Company-level risk sits at the core of private equity outcomes. Unlike macro or industry forces, these risks are internal and execution-driven, spanning operations, strategy, leadership, and financial discipline. This article examines how private equity identifies, underwrites, and actively manages company-level risk through hands-on ownership, operational expertise, and governance influence, turning execution challenges into opportunities for value creation.
Company risk is the final and most execution-sensitive layer of risk in private equity.
PE firms mitigate these risks through rigorous diligence, placing concentrated bets only after deeply assessing fit, readiness, and alignment.
Once invested, they drive transformation from within—deploying value creation teams to overhaul operations, professionalise leadership, and sharpen strategy.
Macro trends set the stage. Industry dynamics shape the terrain.
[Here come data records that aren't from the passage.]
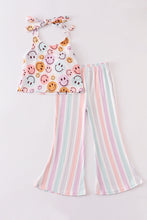 Smile print stripe girl set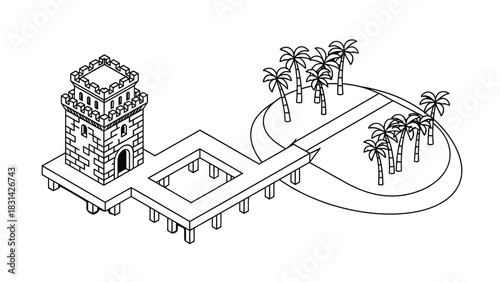 Isometric view of a tower connected to an island by a walkway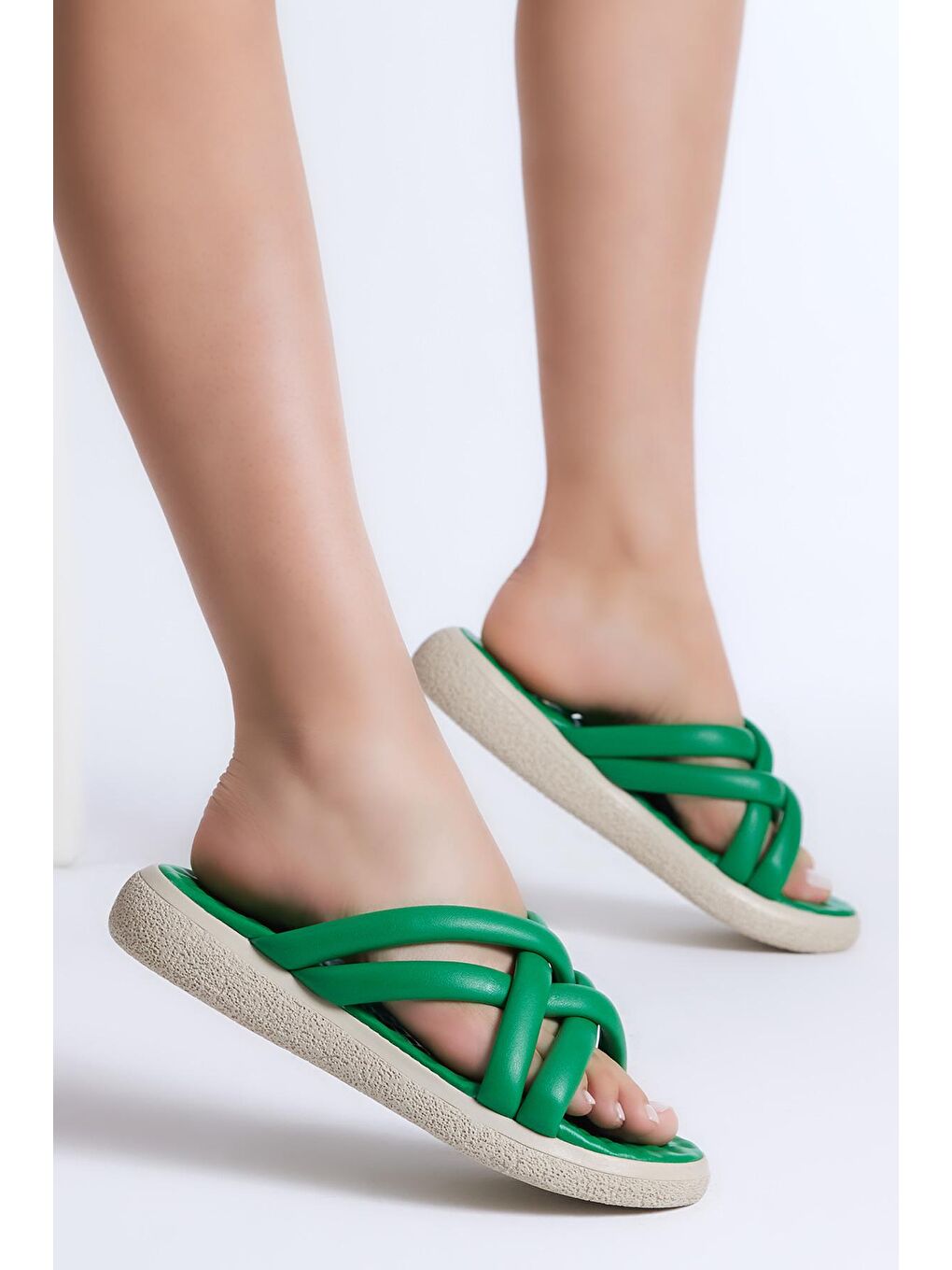 Kadın Yeşil Cilt Çapraz Çift Bantlı Terlik-2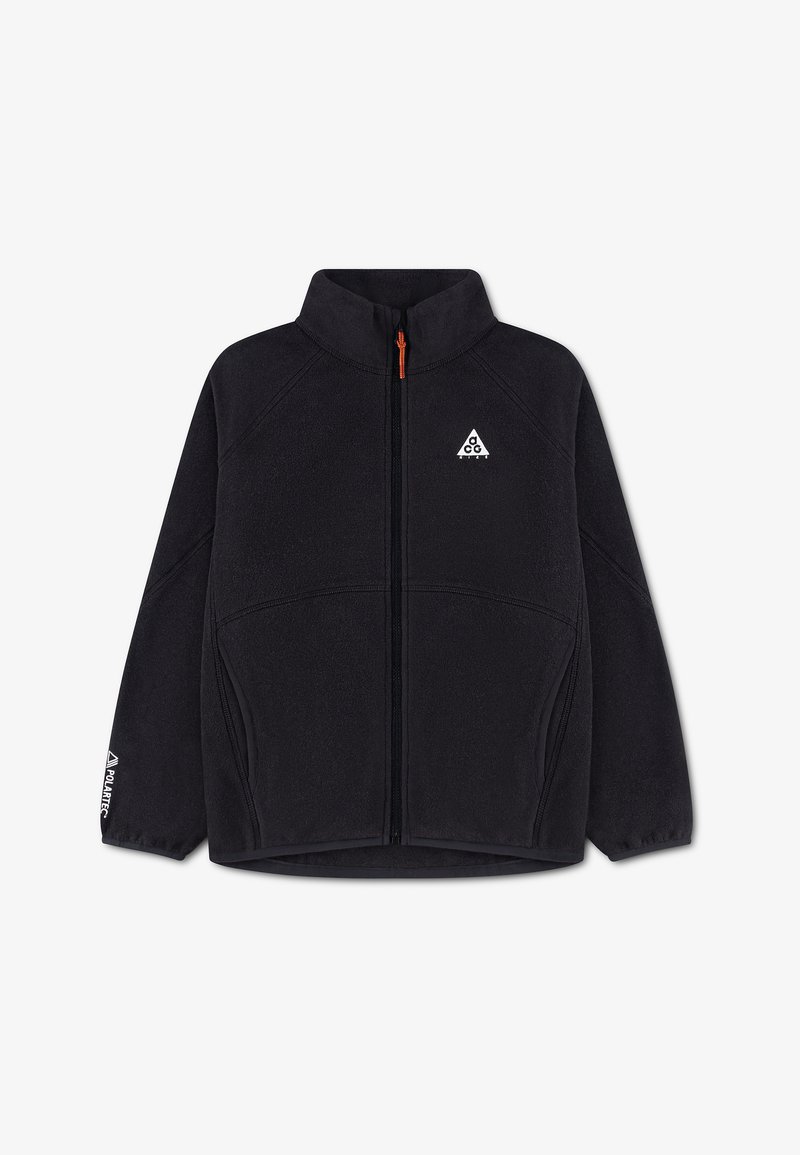 Μαύρο fleece μπουφάν με ολόκληρο φερμουάρ, ψηλό γιακά, πλαϊνές τσέπες, πορτοκαλί τράβηγμα φερμουάρ, λογότυπο ACG στο αριστερό στήθος και διακριτικό Polartec στο αριστερό μανίκι.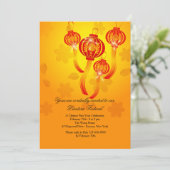 Rode Chinese Lantaarns Uitnodiging (Staand voorkant)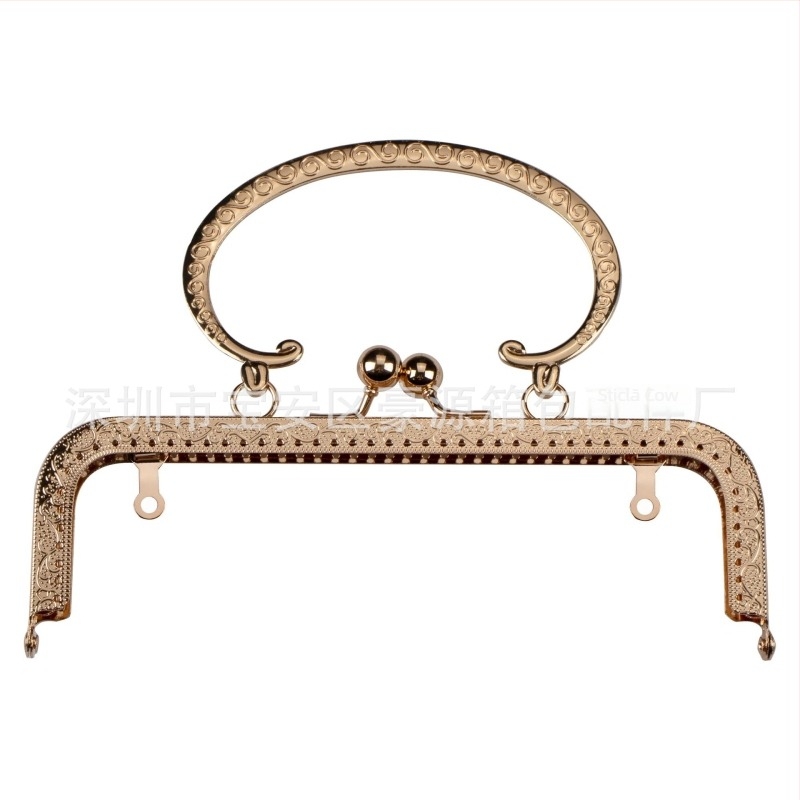 Accesorii pentru geantă - ramă pătrată cu model S gravat pentru mâner, din fier, finisaj bronz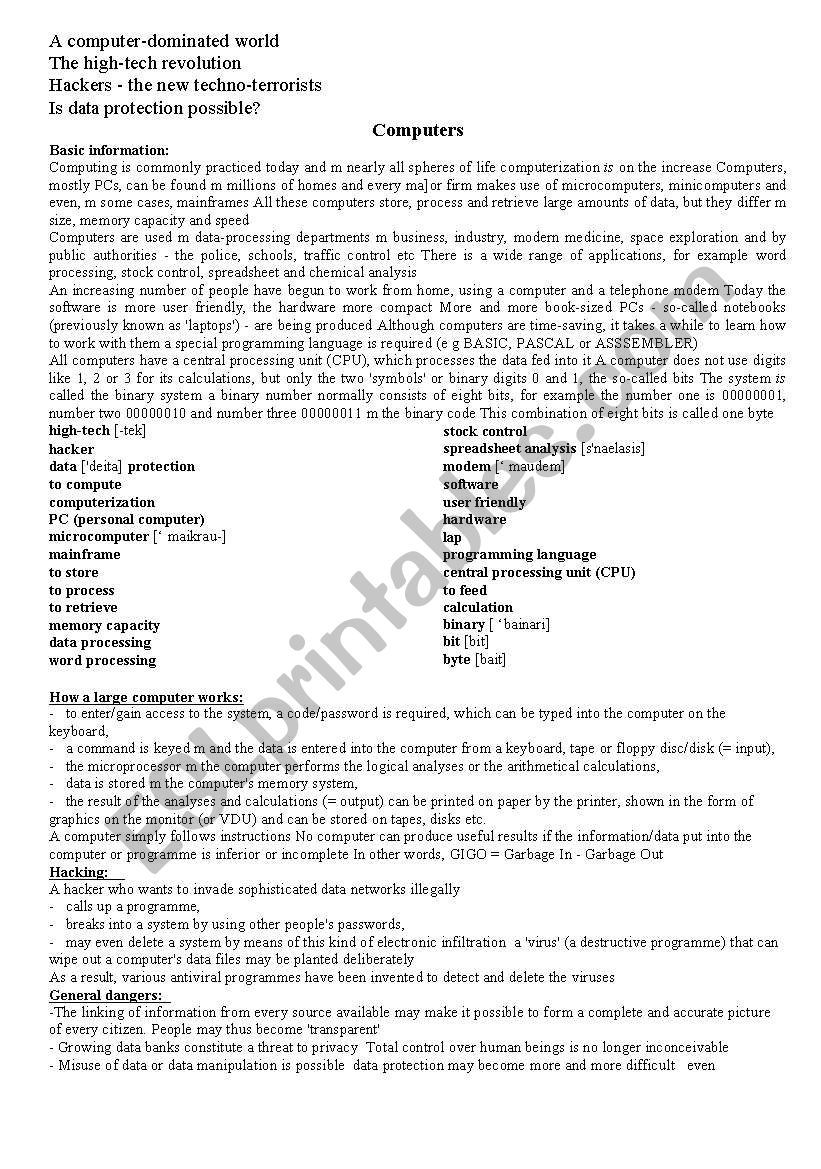 Science and Technologies worksheet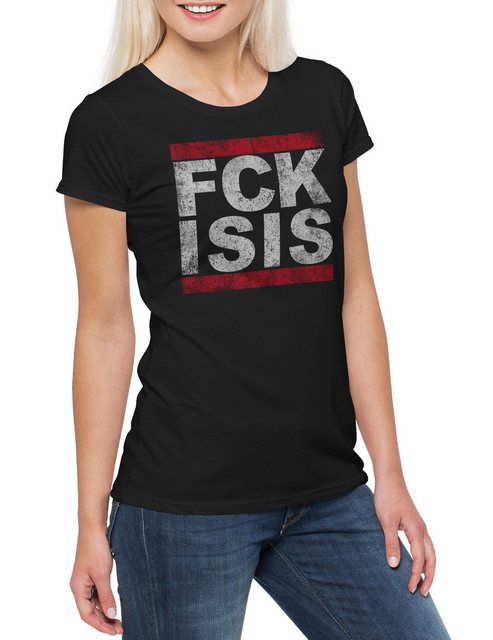 Urban Backwoods Print-Shirt Fuck Isis Damen T-Shirt Fck Run Dmc Pro Islam A günstig online kaufen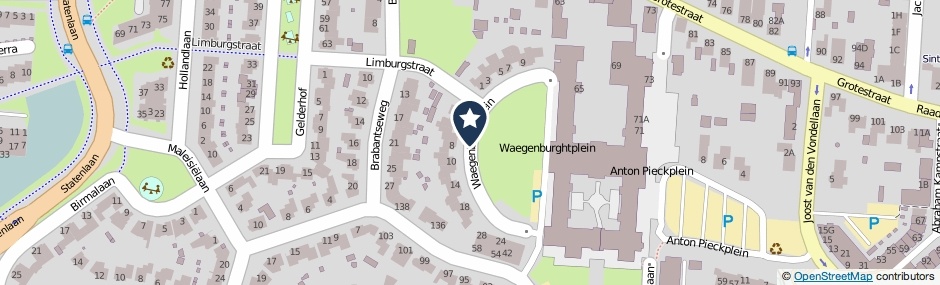 Kaartweergave Waegenburghtplein in Drunen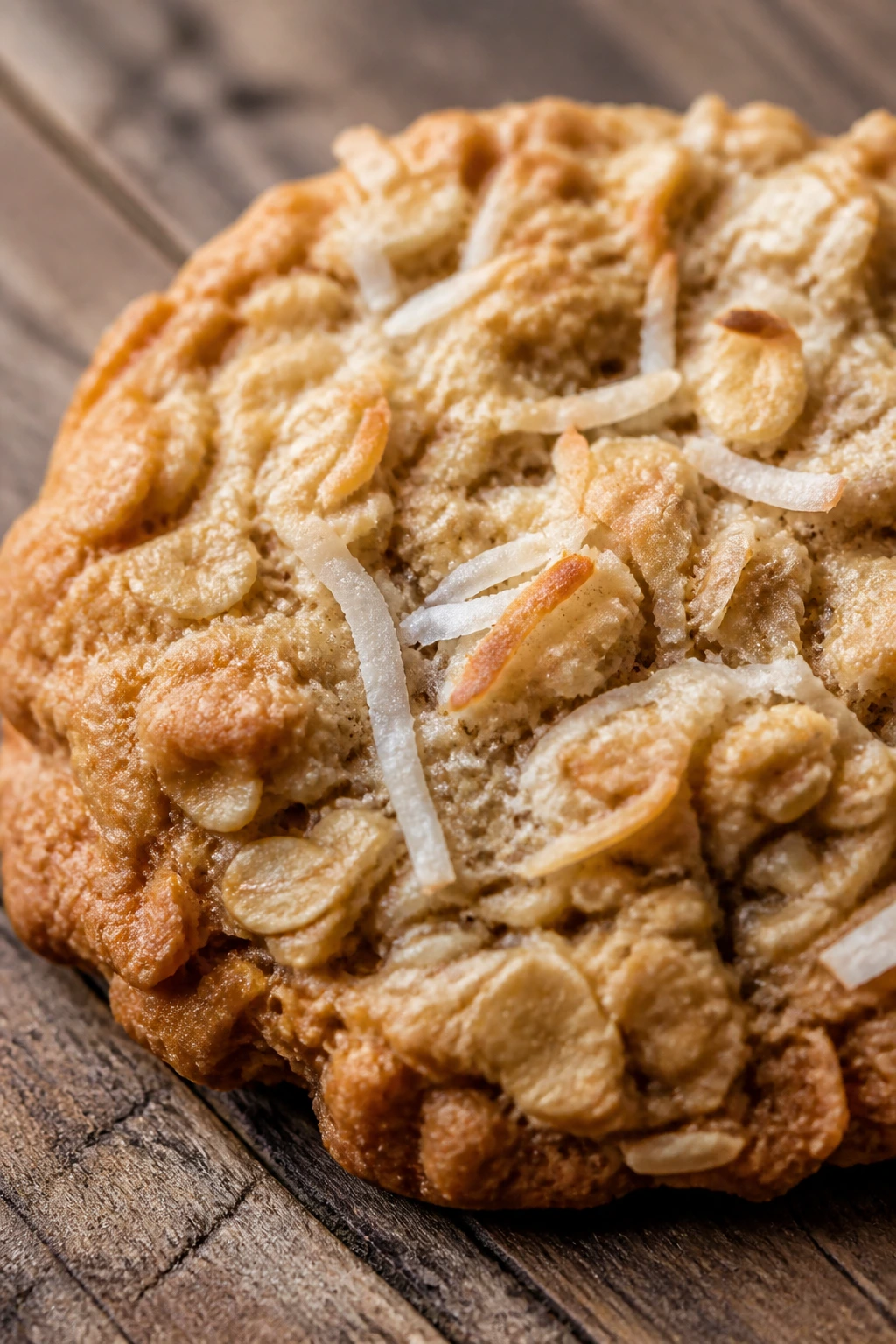 Close-up of coconut oatmeal cookie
But at the end of the day, private equity returns are driven by what happens inside the company. This brings us to the last and final layer of risk in this series: company risk.

In this article, we explore company-level risk: what it is, and how it impacts the company. We’ll also dive into how private equity is uniquely positioned ot mitigate and manage these risks through active management.
What is company-level risk?
Company-level risk refers to the internal, operational, and execution-specific challenges that can make or break a portfolio investment, regardless of broader economic or industry conditions. Some of the most common include:
Operational inefficiencies: Poor cost structures, outdated systems, or weak supply chains.
Strategic misalignment: Lack of product-market fit, overexpansion, or misjudged pricing models.
Leadership challenges: Ineffective management teams, weak governance, or cultural misalignment.
Financial fragility: Overleveraged balance sheets, cash flow issues, or poor working capital discipline.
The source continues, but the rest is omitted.